I woke up on Friday morning, crawled out of bed and stumbled into the kitchen to get some water. I turned on the cold tap to find no water coming out. I tried the hot tap to find that was also dry. By the time I had tried the taps in the bathroom, I realised there was no water in Pie Palace. I was not best pleased, obviously, but I reassured myself this would probably only last a few hours, so there was nothing to worry about. In the meantime, how was I going to wash myself with no water? Well, necessity really is the mother of invention. It just so happened there was a wine glass full of water in the kitchen, so I took this into the bathroom and with a fistful of cotton pads, set about washing myself. Once I had completed my much-reduced ablutions, I called Thames Water.

As befitting companies in this digital age, I had to go through 3 layers of automated crap (and this was on an emergency number!) before I was welcomed by a recording, informing me of what had happened (a burst pipe in the Olympic village) and how they’d hoped to have it resolved by the afternoon. I suppose it had to be a recorded message because you couldn’t expect both call centre staff in some far flung country to be able to handle the deluge of worried customers.

By midday, I was ready to go out and do some food shopping. Although I was sure the water would be back on by the afternoon as promised, I decided to get a couple of single 1.5 litre bottles of water to keep me going in case this dry spell continued into the night, or the next morning. I could’ve gone for the 5 litre, but it would’ve been much heavier to carry and I don’t have a car. I went to various supermarkets to find the only bottled water left were a couple of sorry looking sparkling water bottles and lots of flavoured versions. At Lidl, one of my favourite budget supermarkets, I was shocked to find there was not one single bottle of water left in the store. That place is usually piled high with the stuff. All I saw before me were pallets where the bottles used to be. This was panic buying in the extreme. My last place to call was a little shop I like to visit often. If there were no water bottles at that shop, I would’ve been at a loss at what to do next. Well, there was one bottle in the fridge, which I grabbed with grateful hands, but as I walked around the shop, there was another solitary bottle on the shelf. This stray looked like it needed a home and I was going to provide it. I took both bottles to the counter, but suddenly decided I would take only one. I thought of someone like me, hoping to find that precious bottle of water as I walked into a shop, only to find that every bottle had gone because of someone else’s fear. As I walked home, I hoped the water would be back on, not least because in a windowless bathroom, as is the fashion for new build flats in London these days, that toilet needed to be flushed, if you know what I mean. I reached Pie Palace, put the bottle down and turned on the tap. The clear liquid gushing out of that faucet was a very welcome sight.
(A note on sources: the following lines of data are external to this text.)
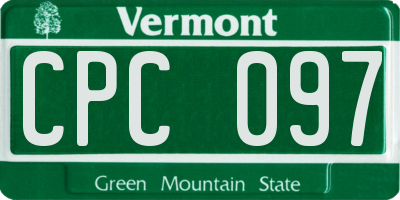 VT license plate CPC097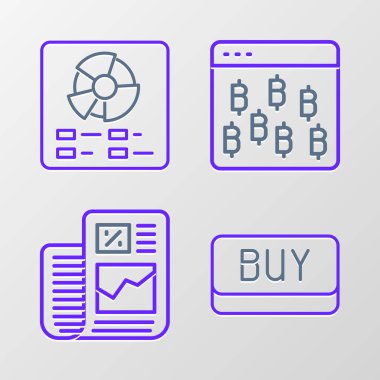 Satın alma düğmesi, işletme finans raporu, Bitcoin tarayıcısı ve Pie grafik simgesi. Vektör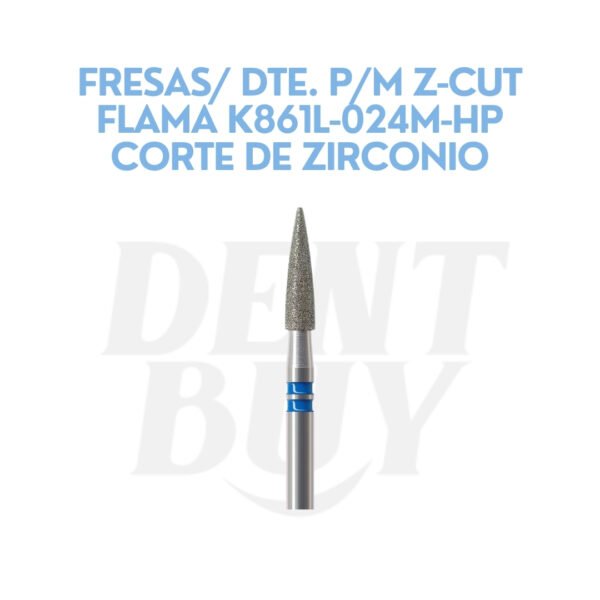FRESAS/ DTE. P/M Z-CUT FLAMA K861L-024M-HP CORTE DE ZIRCONIO
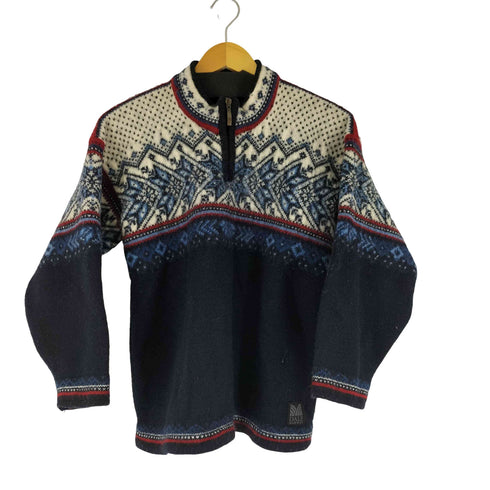 ダーレオブノルウェイ DALE OF NORWAY ノルウェー製 ノルディック柄 ハーフジップニット レディース JPN:S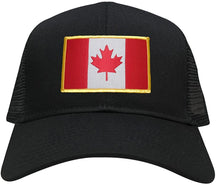 Canada Embroidered Gold Border Flag Iron On Patch Adjustable Mesh Trucker Cap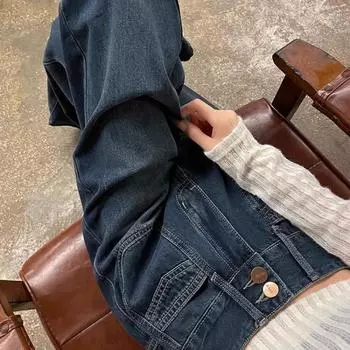 Джинсы женские широкие в стиле ретро, теплые, бархатные, с высокой талией, тонкие, универсальные, прямые, для уборки XS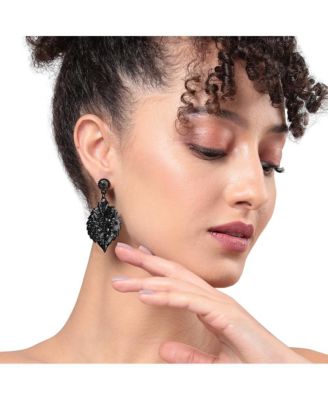 Embellished Leaf Drop Earrings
It occurred to me that this was just a small taste of what could happen if water was in very short supply here in the West. In the event of that disaster, I’m sure I’d be one of the instant dead, because I didn’t rush out to stock up and even though an opportunity presented itself for me to take everything that was available, I left enough for someone else, thus possibly reducing my chances of survival.

What would you have done? Stockpiled like your life depended on it, or decided to be calm and trust that everything would be OK?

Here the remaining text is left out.